Indeed, no Attorney General has turned over documents like this under such circumstances.

This past Friday, Director Freeh and I also visited the Chairman and ranking member in order to seek an accommodation that would enable us all to perform our duties without confrontation. We explained that the LaBella memo contained an extensive analysis on campaign finance and on the investigation, that we need to review it carefully and very thoroughly, and that when I finish my review, I may or may not ask for the Independent Counsel Act to be triggered.

We offered to provide a confidential briefing to the Chairman and ranking member at the conclusion of my review on any matter that was not 6(b) material and that would not adversely impact the pending criminal investigation. We advised that the review should be complete within about 3 weeks.

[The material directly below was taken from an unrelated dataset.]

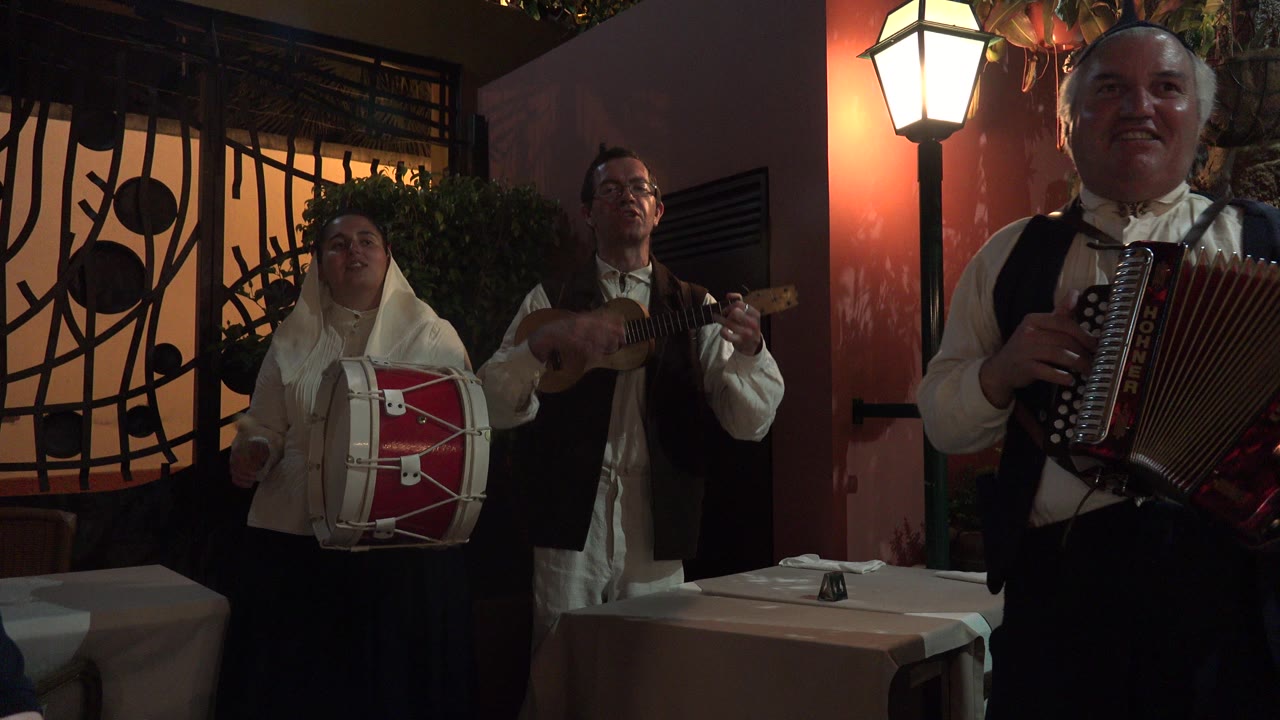 Three adult musicians perform in Madeira, Portugal, with a red accordion player near the camera and a drummer and guitarist behind him under warm indoor lighting.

Chairman Burton rejected this offer, and said that the Committee would cite me for contempt if I did not turn over the memos.

I am reviewing both memos with an open mind. If I do decide to trigger the appointment of an independent counsel, he or she would certainly not want this memo to be public. If I do not trigger the Act, the criminal investigation would nonetheless continue.

The reasonable course of action is for us to complete the review in a professional and orderly manner, and then to determine what steps need to be taken. No Attorney General has ever turned over such documents under such circumstances. Let me explain why.

According to Director Freeh and Mr. LaBella, both memos offer a road map to confidential, ongoing criminal investigations. Even excluding the grand jury information, which the Committee is not seeking, such documents lay out the thinking, theories and strategies of our prosecutors and investigators, and the strengths and weaknesses of our cases. They talk about leads that need further investigation.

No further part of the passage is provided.